This is work-in-progress, expect updates to this page.

This is my second RC car in 1/87 scale. It’s a offroad 6WD truck Kamaz 43118.

Again the purpose is to use 3D printed parts as much as possible instead of buying ready-made components.

The main challenges I intend to solve in this project are:

  • All-wheel drive

  • All-wheel suspension

  • Self-made cast flexible tyres

  • Transparent complex shape windows

And the usual RC parts will be present: remote-control over BLE from smartphone and remote, lights etc.

It will have an addon, but I haven’t decided yet what, max goal is a foldable crane.

Prototype

Kamaz 43118 is a soviet/russian offroad 6WD truck with long wheelbase, which is used as a base for all sorts of addons.

Classic Kamaz trucks come with different generations of cabins (K1, K2 and K3).

K1 is the original one, it has round headlamps in the cabin itself, and very flat and low roof.

For K2 the headlamps were moved to bumper and a new higher roof was designed for long-distance trucks.

Somewhere in 90s DAF design team participated and added front plastic bumper, which was developed into K3 cabin, which is still in production today, along with newer models.

All cabins come in long version with a sleeping space behind the seats. K3 generation has a super-high option with huge space above head, and, presumably, 2-level sleeping space.

All sorts or intermediate designs can be found in the wild. Military variants still have round headlights (as it’s military standard for everything from motorcycles to tanks), cranes still use low roof, thick plastic bumper has different designs as well. Aftermarket modifications can combine features from all the generations as well.

Newer generations use cabins licensed from Mercedes (K4, K5), those are nowhere near as recognizable and iconic, so I ignored them.

Interestingly, this old cabin design is tiny compared to modern day long-haul cabins, both in height and depth. This makes it difficult to place large batteries inside, so hiding them will be a challenge.

Drivetrain

The general idea for suspended all-wheel drive is one common shaft along all the axles, each axle is connected to it via worm or similar gear, and the shaft also serves as a suspension pivot.

So there is not really too much suspension going on, lifting any of the wheels will necessarily lift the chassis to half the height.

Proper suspension requires proper U-joints to make a bending driveshaft. This is a challenge for future project.

Worm gears have a big reduction ratio and a lot of friction, which seems potentially unusable for 3D printed gears, so I tried other gear systems as well.

At first I wanted to make hypoid gear set, but could find a way to do it. Hypoid gears have very complicated math behind them and are freakishly complicated to design. In fact, there is no video on YouTube that shows how to do that in Fusion 360 from scratch (or any CAD for that matter), while there almost any other gear type is available.

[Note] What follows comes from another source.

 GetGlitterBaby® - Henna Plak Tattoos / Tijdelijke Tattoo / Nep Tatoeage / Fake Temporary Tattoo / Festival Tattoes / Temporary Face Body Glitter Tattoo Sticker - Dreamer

So I switched to a simpler gear set, crossed helical gears. They are very similar to a worm drive, but reduction ratio is smaller and amount of friction can be somewhat controlled by changing the angle of the contact line.

Steering

Steerable, driven and suspended axle proved to be the most complex part of the drivetrain, and the result is the worst performing component at the moment.

Steering pivots are very far from the wheels, so wheels touch the wheel arches almost immediately, this makes steering radius enormous. Also the short steering axles are a bit loose in the bearings, so the wheels bend and wobble a lot.

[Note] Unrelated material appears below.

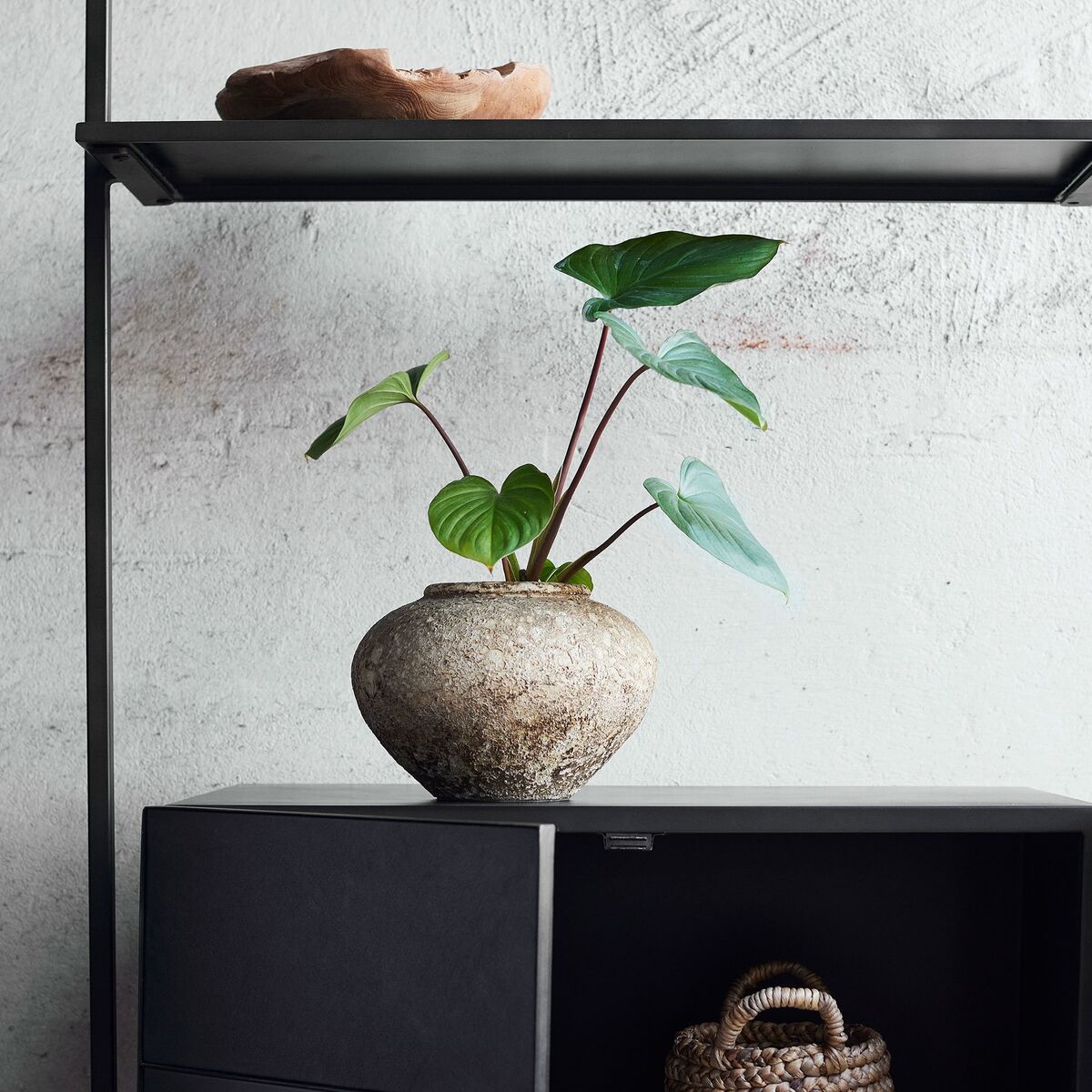 Luna vas 18 cm, beige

The driven steering system was inspired by spring-based shaft couplers on 3D printers, and the part that transfers torque and bends when steering is a steel spring from pogo pins, the same that is used for suspension. It is the most compact design I could invent.

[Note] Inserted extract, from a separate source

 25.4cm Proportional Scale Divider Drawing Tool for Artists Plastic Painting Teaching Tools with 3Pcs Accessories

Before I tried a CV-joint of ball-with-pins-type, which is widely used in train models. It needed to be very small for steering axle, so I designed it to be 1mm in diameter, which, to my liking, was too small to be practical. It was difficult to assemble and probably would break too easily under load (though it didn’t break until I replaced it with a new design)

Cabin

The cabin shape looked intimidatingly difficult to design in parametric CAD, so I tried to do it in Blender with mesh-based toolset.

I had almost zero experience with Blender before, so I screwed all the rules about good mesh topology, and the mesh is not a thing I’d be proud to show off. But the geometry and shapes look pretty convincing and recognizable. The model printed without any (big) problems.

Tyres

At the moment tyres are made from tin-based (condensation) silicone. I 3D-print the mold in 2 parts, pour silicone into them, and after a day I get the tyres.

The original idea was to make tyres from polyurethane rubber, but it seems the properties of silicone are good enough already to not bother with additional step of casting urethane into silicone mold.

To be solved: proper coloring or tyres and tight fitting to the rims.

Windows

The plan is to 3D print windows, make a silicone mold from the prints, and cast transparent epoxy into the molds.